# DATA LISTING:
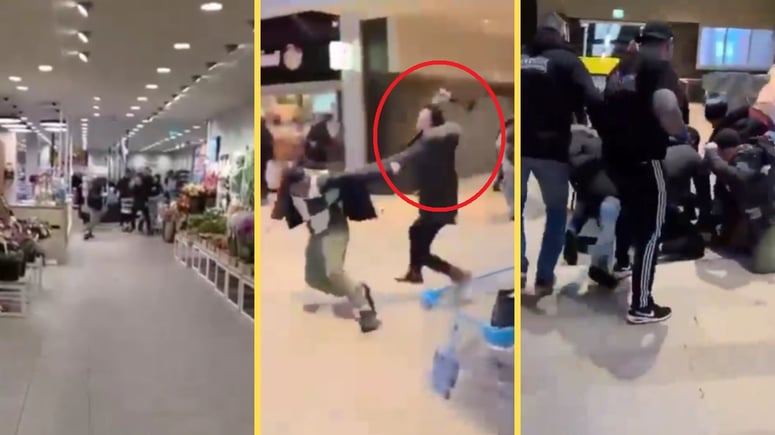 Artikelbild för artikeln: VIDEO: Yxattack i köpcentrum - kaotiska scener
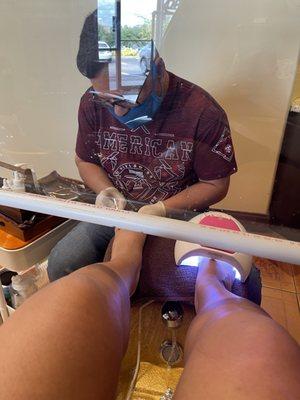 Great pedi with Vinny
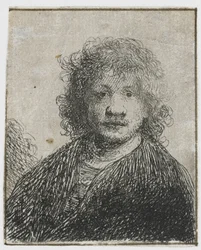 Autoportrait avec un nez large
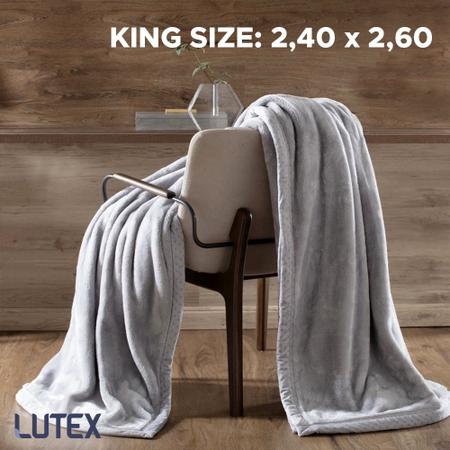 Imagem de Cobertor King Size Kacyumara Blanket 700 High Alta Gramatura Microfibra de Poliéster Super Macio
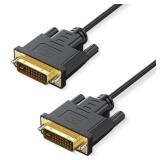Critin DVI-D 24+1 Dual Link Male to Male Cable, 3M 2560x1600/1080P High Speed Gaming Monitor Cable, Gold Plated Connectors for PC, DVD, Projector - Retail: $5
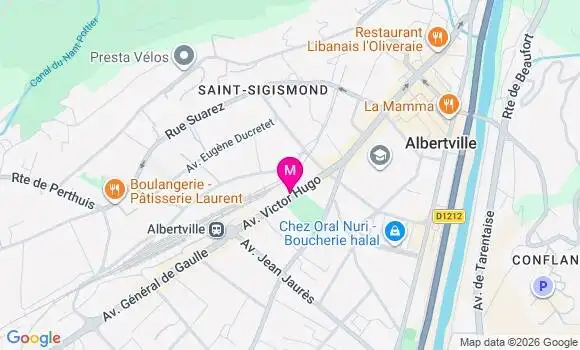 Localisation Maud Jamet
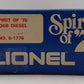 Lionel 6-1776 O Gauge Spirit of 76 U36B Powered Diesel Locomotive LN/Box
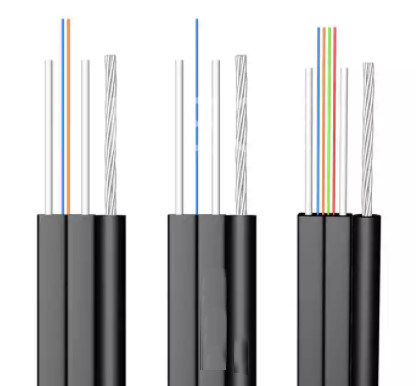 1 Core Fiber Optic Drop Cable GJYXCH Single Mode G657A2 FRP Versterkte LSZH-jas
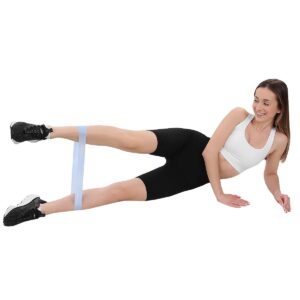 SPORTINIŲ GUMŲ RINKINYS FITNESS CROSSFIT MINI BLUE BAND 5VNT. ENERO FIT 1058399 - Image 8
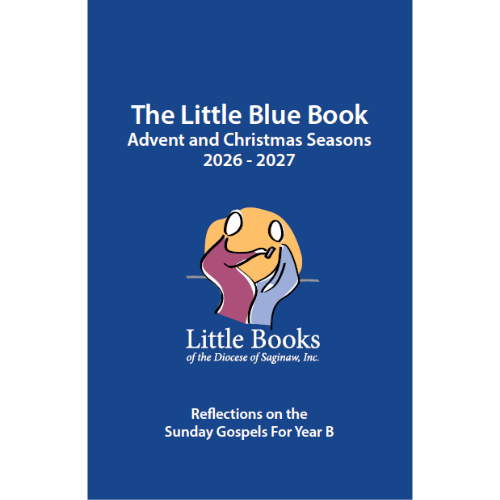 Little Blue Book Advent and Christmas 2026/2027 English booklet cover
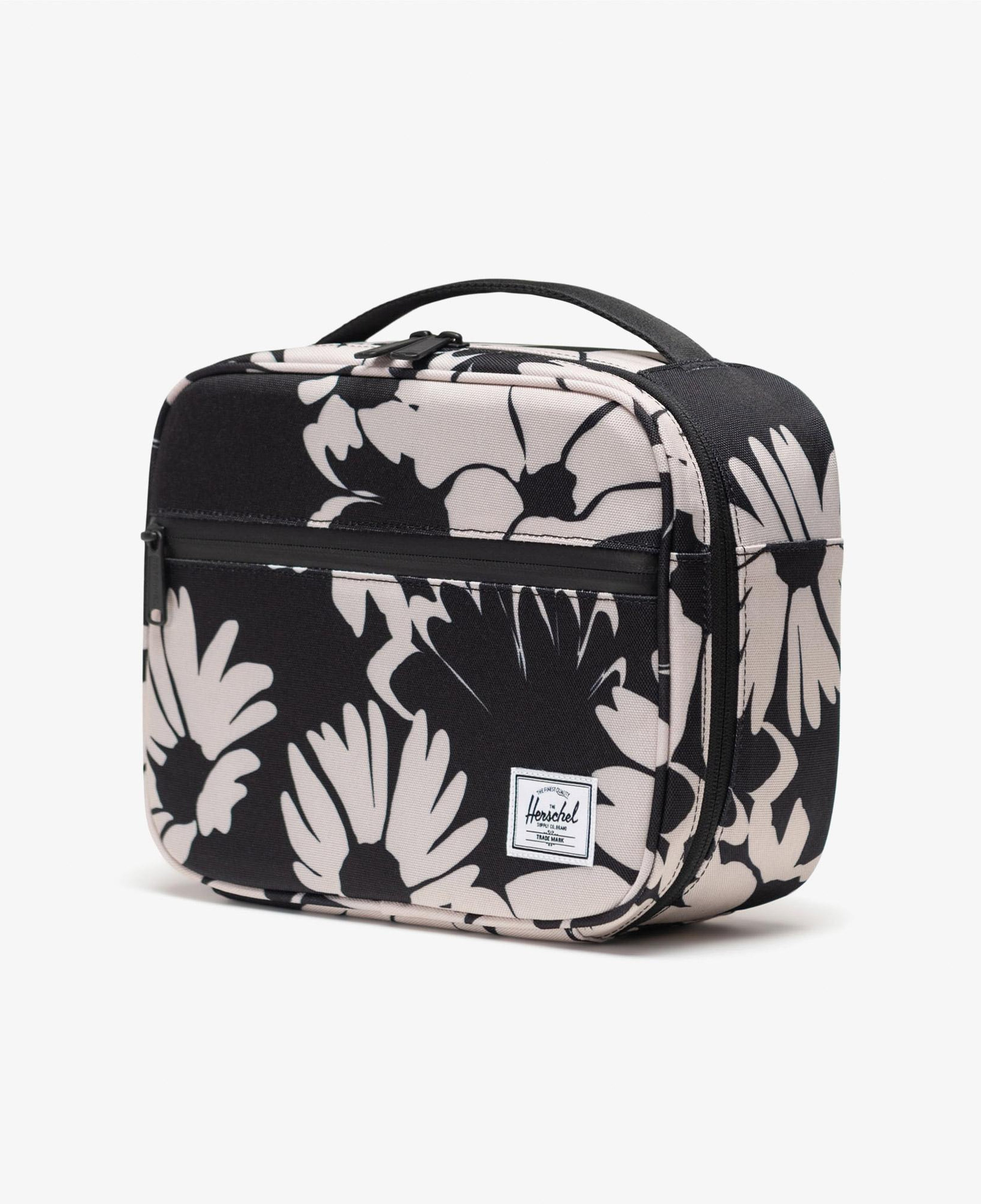 Hershcel Pop Quiz Floral Unisex Siyah Beslenme Çantası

# ABOUT THIS TASK:
Restate the records above word for word, without the pictures.

# WRITTEN ANSWER:
 Artikelbild för artikeln: VIDEO: Yxattack i köpcentrum - kaotiska scener
 Great pedi with Vinny
 Autoportrait avec un nez large
 Imagem de Cobertor King Size Kacyumara Blanket 700 High Alta Gramatura Microfibra de Poliéster Super Macio
Critin DVI-D 24+1 Dual Link Male to Male Cable, 3M 2560x1600/1080P High Speed Gaming Monitor Cable, Gold Plated Connectors for PC, DVD, Projector - Retail: $5
 Localisation Maud Jamet
 Lionel 6-1776 O Gauge Spirit of 76 U36B Powered Diesel Locomotive LN/Box
 1 Core Fiber Optic Drop Cable GJYXCH Single Mode G657A2 FRP Versterkte LSZH-jas
 SPORTINIŲ GUMŲ RINKINYS FITNESS CROSSFIT MINI BLUE BAND 5VNT. ENERO FIT 1058399 - Image 8
 Little Blue Book Advent and Christmas 2026/2027 English booklet cover
 Hershcel Pop Quiz Floral Unisex Siyah Beslenme Çantası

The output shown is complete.